> **PROBLEM TO WORK ON**
Any images in the records should be skipped; transcribe the rest exactly.

[Caption-style text data]
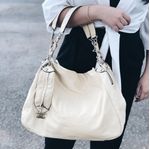 1794-Bolsa-Chanel-Couro-Liso-Creme-Verso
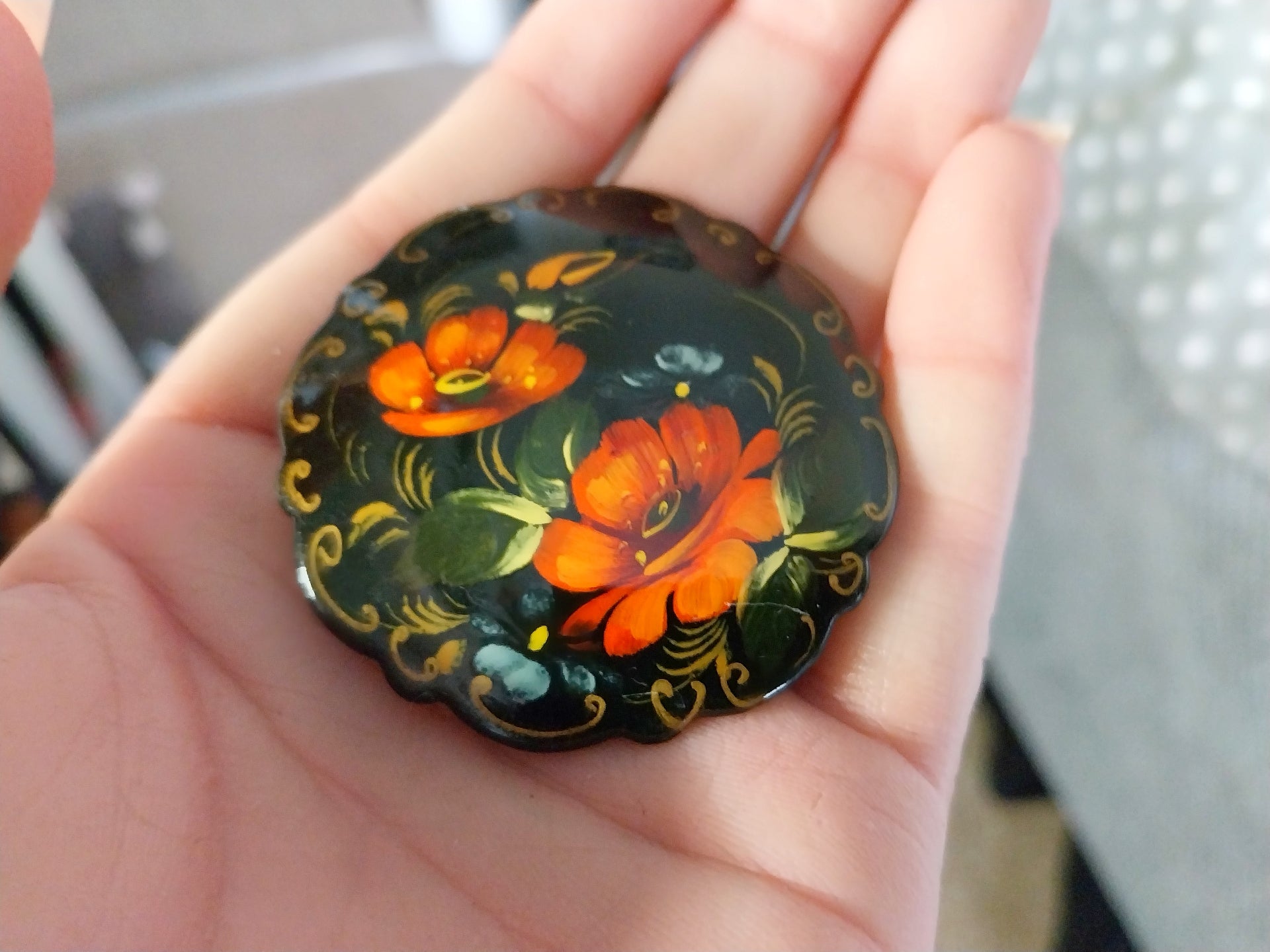 Russian Lacquer Art Brooch with Red Orange Flowers 7.4g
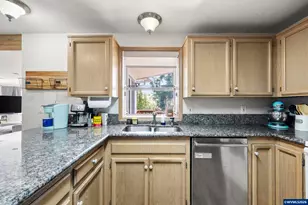 1589 Kenard St NW, Salem, OR 97304 - Photo 18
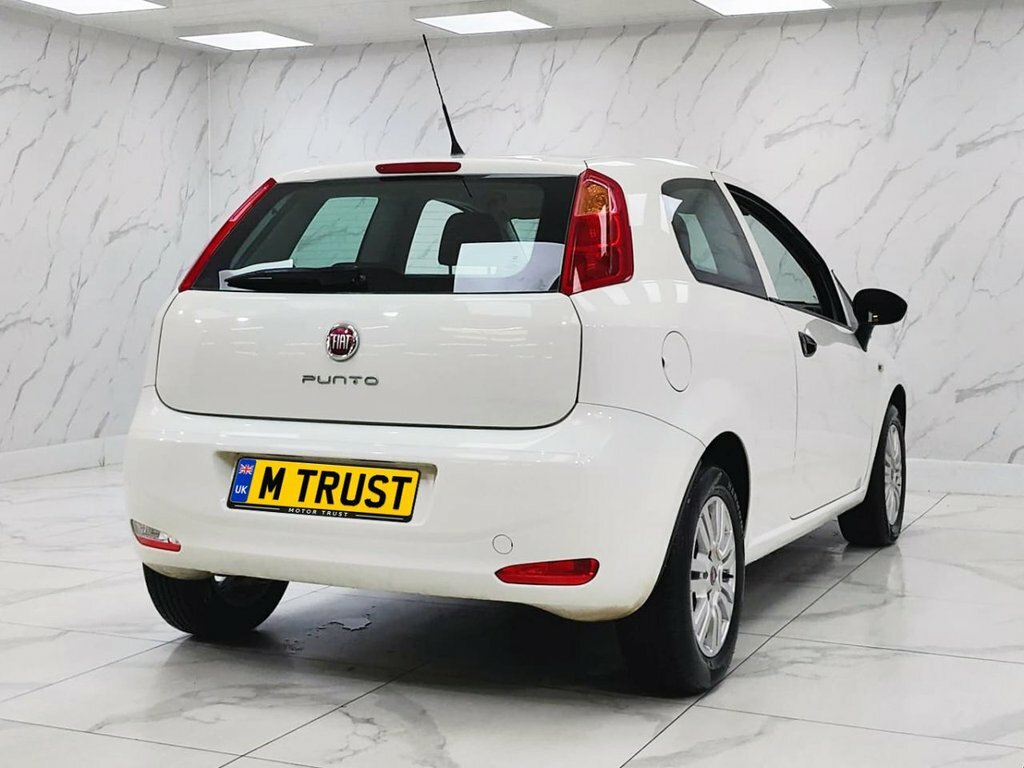 Fiat Punto 1.2 Pop Hatchback Euro 6 69 Bhp White #9
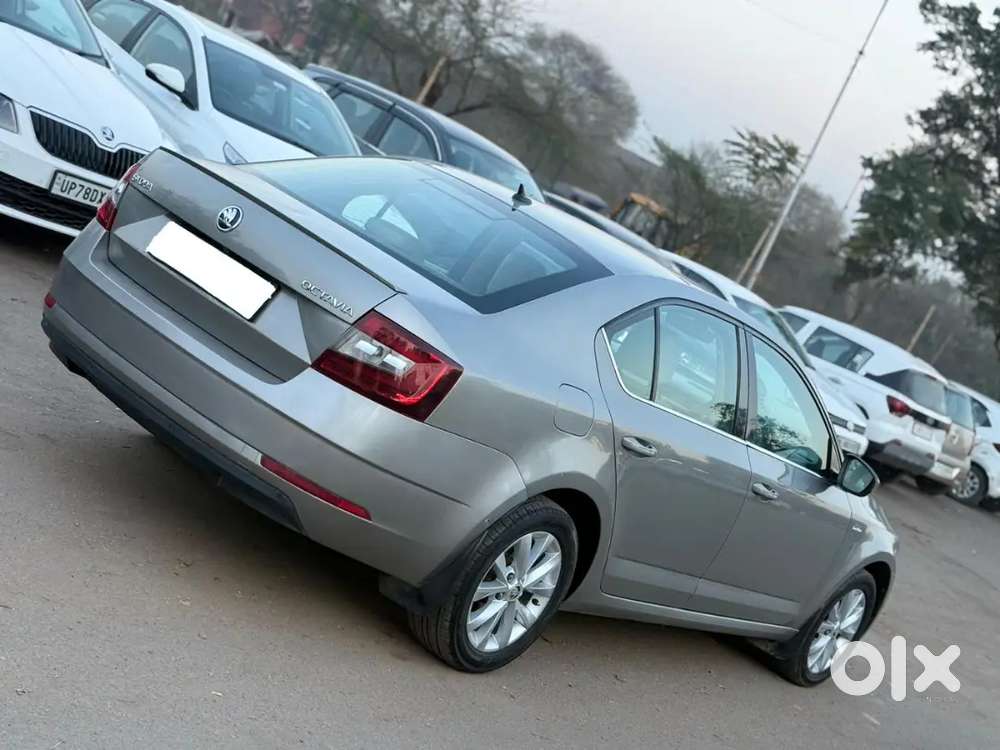 Skoda Octavia/ Petrol/ Automatic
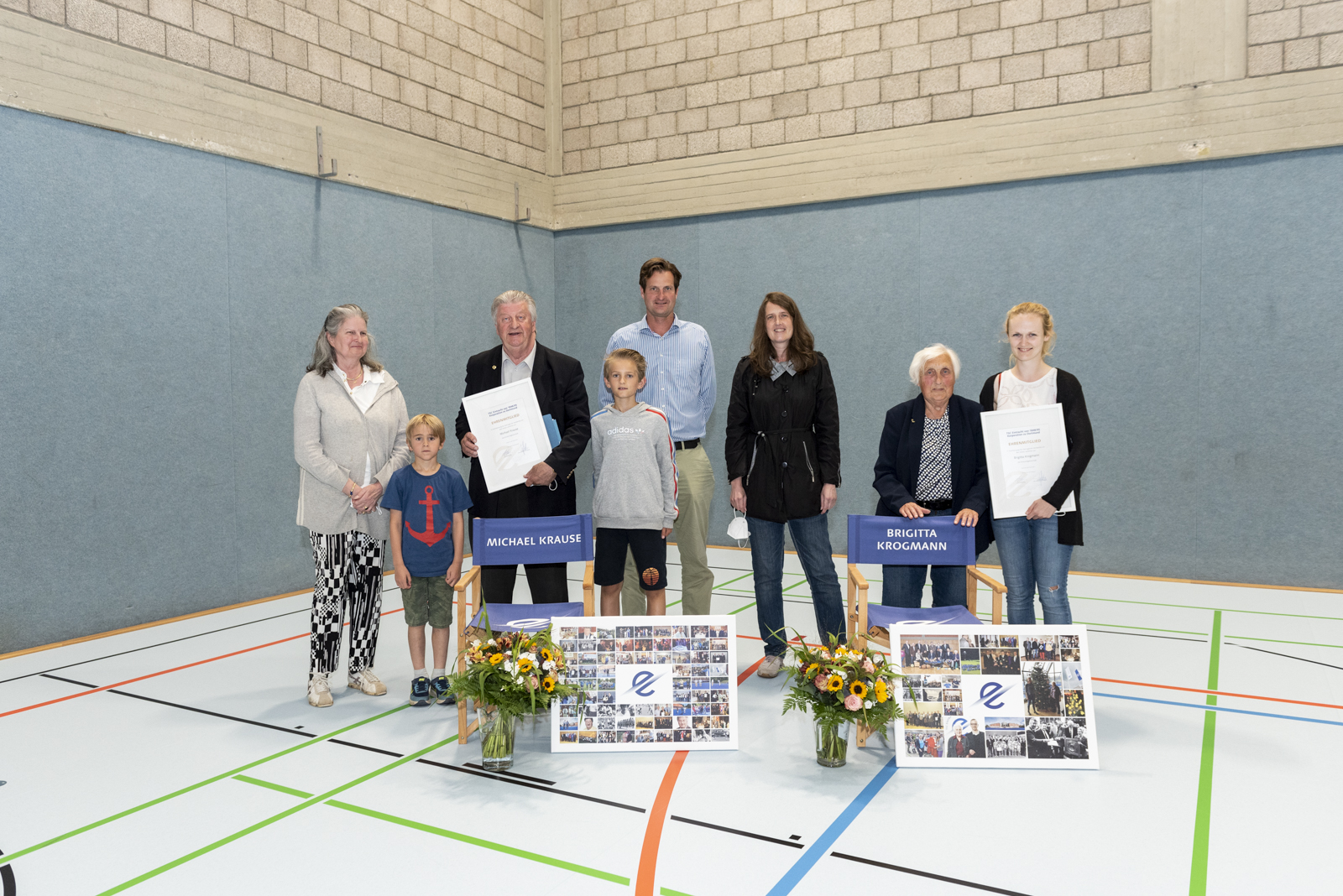 Michael Krause und Brigitta Krogmann wurden zu Ehrenmitgliedern des TSC Eintracht Dortmund benannt. Ihre Familienmitglieder kamen zur Delegiertenversammlung. Foto: Jan Weckelmann
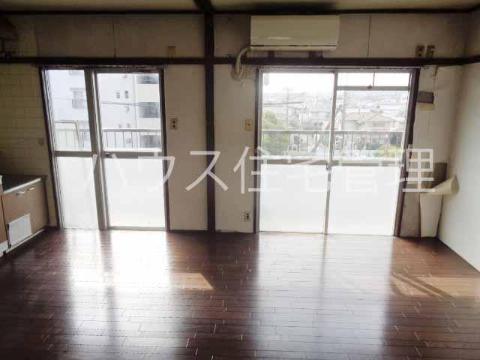 居室・リビング　リビング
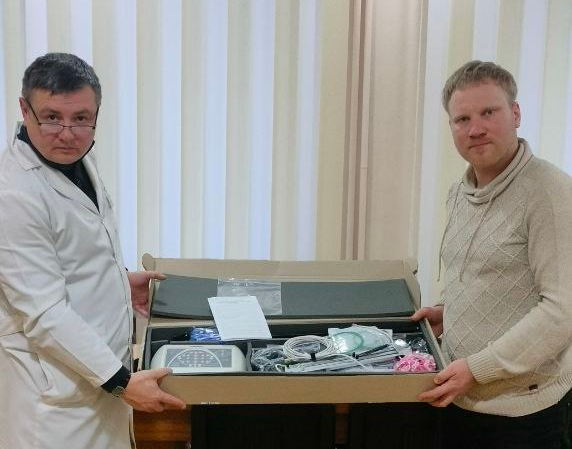Житомирському дитячому психневрологічному відділенню волонтери подарували потужний аппарат 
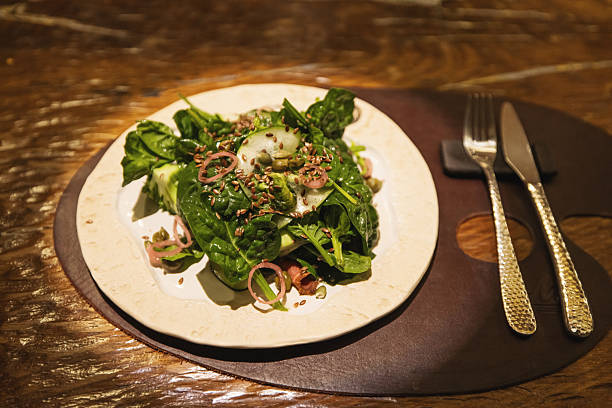 Vegetable salad with roast beef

> **SOLUTION**
 1794-Bolsa-Chanel-Couro-Liso-Creme-Verso
 Russian Lacquer Art Brooch with Red Orange Flowers 7.4g
 1589 Kenard St NW, Salem, OR 97304 - Photo 18
 Fiat Punto 1.2 Pop Hatchback Euro 6 69 Bhp White #9
 Skoda Octavia/ Petrol/ Automatic
 Michael Krause und Brigitta Krogmann wurden zu Ehrenmitgliedern des TSC Eintracht Dortmund benannt. Ihre Familienmitglieder kamen zur Delegiertenversammlung. Foto: Jan Weckelmann
 居室・リビング　リビング
Житомирському дитячому психневрологічному відділенню волонтери подарували потужний аппарат 
 Vegetable salad with roast beef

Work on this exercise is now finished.